§ **Work order**
All records are to be retyped faithfully and completely.

§ **Data section**
- - -
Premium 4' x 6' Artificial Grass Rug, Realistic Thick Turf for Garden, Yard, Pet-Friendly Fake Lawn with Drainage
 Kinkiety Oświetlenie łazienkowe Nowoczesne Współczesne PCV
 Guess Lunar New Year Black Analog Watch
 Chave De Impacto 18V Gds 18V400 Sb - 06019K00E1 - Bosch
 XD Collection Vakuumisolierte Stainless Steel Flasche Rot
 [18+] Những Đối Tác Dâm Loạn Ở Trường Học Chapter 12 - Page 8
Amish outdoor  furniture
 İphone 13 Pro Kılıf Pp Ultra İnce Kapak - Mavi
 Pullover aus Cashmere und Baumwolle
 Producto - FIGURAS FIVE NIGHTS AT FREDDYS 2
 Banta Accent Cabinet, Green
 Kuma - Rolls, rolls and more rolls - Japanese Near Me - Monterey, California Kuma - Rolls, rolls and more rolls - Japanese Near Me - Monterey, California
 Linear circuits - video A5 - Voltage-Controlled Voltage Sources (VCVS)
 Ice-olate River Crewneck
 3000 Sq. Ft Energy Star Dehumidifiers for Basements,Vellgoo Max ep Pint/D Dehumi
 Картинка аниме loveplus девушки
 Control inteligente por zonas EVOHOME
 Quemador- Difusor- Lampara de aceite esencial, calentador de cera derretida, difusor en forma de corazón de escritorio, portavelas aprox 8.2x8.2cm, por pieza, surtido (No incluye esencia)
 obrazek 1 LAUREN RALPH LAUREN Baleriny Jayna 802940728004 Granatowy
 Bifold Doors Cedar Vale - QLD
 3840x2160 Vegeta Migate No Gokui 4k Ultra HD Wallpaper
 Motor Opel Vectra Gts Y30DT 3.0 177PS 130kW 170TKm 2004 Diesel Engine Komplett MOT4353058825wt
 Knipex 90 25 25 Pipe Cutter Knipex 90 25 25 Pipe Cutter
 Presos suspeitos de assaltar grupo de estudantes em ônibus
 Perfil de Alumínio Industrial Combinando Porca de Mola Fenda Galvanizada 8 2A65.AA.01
- - -
§ **Exercise response**
Premium 4' x 6' Artificial Grass Rug, Realistic Thick Turf for Garden, Yard, Pet-Friendly Fake Lawn with Drainage
 Kinkiety Oświetlenie łazienkowe Nowoczesne Współczesne PCV
 Guess Lunar New Year Black Analog Watch
 Chave De Impacto 18V Gds 18V400 Sb - 06019K00E1 - Bosch
 XD Collection Vakuumisolierte Stainless Steel Flasche Rot
 [18+] Những Đối Tác Dâm Loạn Ở Trường Học Chapter 12 - Page 8
Amish outdoor  furniture
 İphone 13 Pro Kılıf Pp Ultra İnce Kapak - Mavi
 Pullover aus Cashmere und Baumwolle
 Producto - FIGURAS FIVE NIGHTS AT FREDDYS 2
 Banta Accent Cabinet, Green
 Kuma - Rolls, rolls and more rolls - Japanese Near Me - Monterey, California Kuma - Rolls, rolls and more rolls - Japanese Near Me - Monterey, California
 Linear circuits - video A5 - Voltage-Controlled Voltage Sources (VCVS)
 Ice-olate River Crewneck
 3000 Sq. Ft Energy Star Dehumidifiers for Basements,Vellgoo Max ep Pint/D Dehumi
 Картинка аниме loveplus девушки
 Control inteligente por zonas EVOHOME
 Quemador- Difusor- Lampara de aceite esencial, calentador de cera derretida, difusor en forma de corazón de escritorio, portavelas aprox 8.2x8.2cm, por pieza, surtido (No incluye esencia)
 obrazek 1 LAUREN RALPH LAUREN Baleriny Jayna 802940728004 Granatowy
 Bifold Doors Cedar Vale - QLD
 3840x2160 Vegeta Migate No Gokui 4k Ultra HD Wallpaper
 Motor Opel Vectra Gts Y30DT 3.0 177PS 130kW 170TKm 2004 Diesel Engine Komplett MOT4353058825wt
 Knipex 90 25 25 Pipe Cutter Knipex 90 25 25 Pipe Cutter
 Presos suspeitos de assaltar grupo de estudantes em ônibus
 Perfil de Alumínio Industrial Combinando Porca de Mola Fenda Galvanizada 8 2A65.AA.01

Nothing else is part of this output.